Agronegócio tem seis vezes mais recuperações judiciais
Enquanto o governo investiga casos suspeitos, a crise real afeta setores vitais da economia. O agronegócio, que representa quase 30% de tudo que o Brasil produz, está no centro do furacão. Os pedidos de recuperação judicial no campo são quase seis vezes maiores que a média nacional. No segundo trimestre deste ano, cresceram 13,8% a mais em relação ao primeiro.
O produtor rural enfrenta pressões de múltiplas frentes: endividamento acumulado, queda nos preços internacionais da soja e do milho, real mais valorizado, além de fertilizantes e defensivos mais caros. Contudo, o que realmente prejudica o setor são os juros altos, pois o agronegócio opera com muito capital emprestado.
Geograficamente, o Centro-Oeste lidera os indicadores preocupantes. A região tem 2,75 empresas em recuperação para cada mil ativas, 40% acima da média nacional. Mato Grosso concentra a crise: produtores de soja registram 21,5 pedidos de recuperação para cada mil empresas, enquanto os de cana chegam a 20,9 por mil. Nas indústrias que processam produtos do campo, a situação é ainda mais grave. Fábricas de açúcar bruto lideram com 181,4 recuperações para cada mil empresas, quase o pior índice de toda a indústria. Usinas de etanol e empresas que processam arroz também estão no topo dos setores mais afetados. Os demais segmentos não escaparam.
Tarifas de Trump devem acelerar crise
Como se os problemas internos não bastassem, choques externos agravam o cenário. As novas tarifas americanas podem causar estragos significativos. Trump anunciou em julho e implementou em agosto uma tarifa adicional de 40% sobre a maioria das exportações brasileiras para os Estados Unidos, o segundo maior comprador.

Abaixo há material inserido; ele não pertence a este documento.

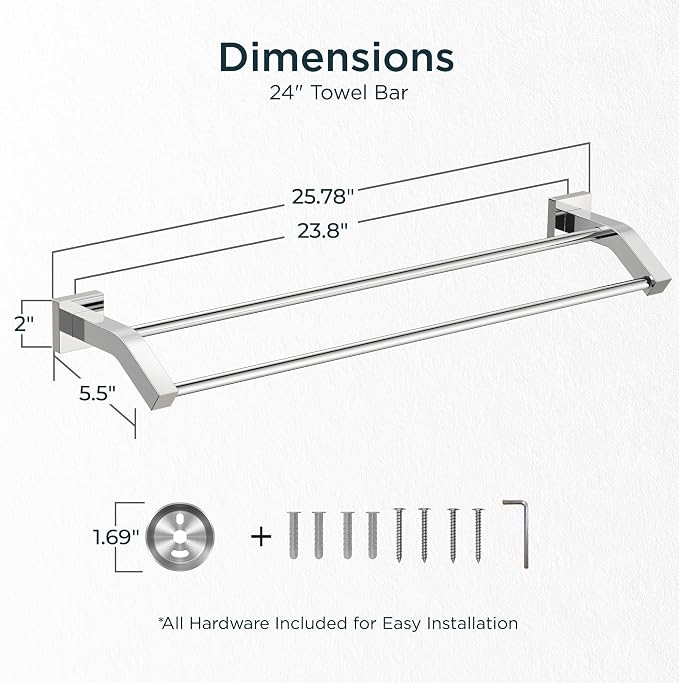 FORIOUS Double Towel Bar 24 Inch, Bathroom Towel Rack Square Chrome | Heavy Duty Towel Racks for Bathroom Bedroom, Space Saving, Rustproof, Stainless Steel Towel Holder, Total Length 26 Inch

A pecuária sofreu um dos maiores impactos. Com tarifas que chegam a 76,4%, exportar carne para os americanos ficou “praticamente impossível”, segundo representantes do setor. Espera-se agora uma onda de pedidos de recuperação entre os frigoríficos que dependiam do mercado americano. A indústria da cana-de-açúcar, já fragilizada, enfrenta dificuldades adicionais. As tarifas podem inviabilizar completamente a exportação de açúcar para os EUA, obrigando os produtores a disputar espaço em mercados mais competitivos na Ásia e no Oriente Médio, onde os preços são menores.
Gestão deficiente agrava o quadro
Nem todos os problemas podem ser atribuídos a juros altos ou a fatores externos. Muitas empresas enfrentam dificuldades por gestão inadequada. O problema começa quando os empresários demoram para buscar ajuda: a maioria só procura advogados quando a situação já está crítica, limitando as opções de recuperação e aumentando os custos.
Especialistas identificam falhas básicas de gestão: empresas que não conseguem mapear exatamente suas dívidas, identificar credores ou estabelecer cronogramas de vencimento. Mas o erro mais grave ocorre na forma de contrair empréstimos. Muitas vezes, o endividamento acontece com custos elevados e no momento econômico inadequado. Essa gestão financeira deficiente compromete a sobrevivência da empresa. A receita para resistir à crise é conhecida, mas exige disciplina: controlar rigorosamente o fluxo de caixa e ter agilidade para ajustar operações quando o cenário se deteriora. Empresas que seguem essa estratégia demonstram maior capacidade de atravessar este período adverso.
Governo promete combate a abusos
O diagnóstico de Haddad, confirmado pelos indicadores de mercado, é inequívoco: o Brasil atravessa a pior crise de recuperações judiciais da história. Para enfrentar o problema, o governo atuará em duas frentes simultaneamente. Na área econômica, precisa equilibrar as contas públicas para viabilizar a redução da SELIC – única forma de aliviar a pressão sobre empresas legítimas que lutam para sobreviver. Na área legal, vai assegurar que criminosos e oportunistas não utilizem a recuperação judicial de forma indevida.
As medidas já começaram: intensificação da fiscalização da Receita e criação de uma delegacia específica no órgão para investigar as finanças do crime organizado que se infiltra na economia.